Sin trazar paralelos de ejemplos no parangonables, vale citar otro punto en común. La encuesta de Management & Fit ubica al gobernador bonaerense, Daniel Scioli, como el dirigente con mejor imagen (50%). En aquella vieja encuesta de Julio Aurelio, el político mejor posicionado no era De la Rúa, sino Carlos Ruckauf (56,2%), por entonces también gobernador bonaerense.

En lo que coinciden todos los analistas entrevistados es en que la Presidenta tiene no sólo la capacidad para revertir esa merma de imagen, sino que están dadas las condiciones socioeconómicas para que ello suceda. Hasta hoy, al menos. La baja de Cristina está contaminada sin dudas por el conflicto irresoluto con el campo, pero sobre todo por el brote inflacionario y las reacciones adversas que algo así genera en una sociedad aterrada por ese fantasma.

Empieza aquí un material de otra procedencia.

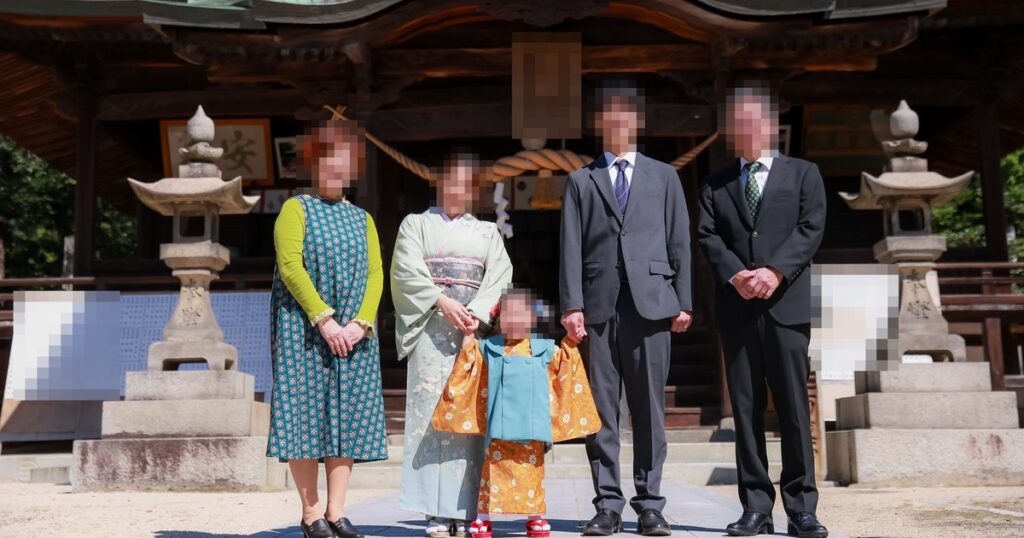 神社の前で並ぶ家族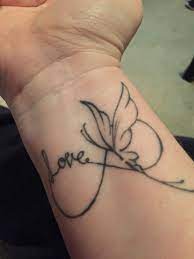 Outline Love Butterfly Tattoo On Wrist Butterfly Wrist Tattoo Small Tattoos Butterfly Tattoo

Una baja de imagen afectada sin dudas por su mentor, el propio esposo de la Presidenta, que conserva una alta imagen positiva que supera a la de Cristina, que sigue siendo elevada, pero que también está en descenso. La erosión se percibió claramente cuando el conflicto con el campo volvió a desbarrancarse: todas las críticas de la oposición fueron hacia él. La Presidenta no fue tenida en cuenta ni a la hora de los cuestionamientos.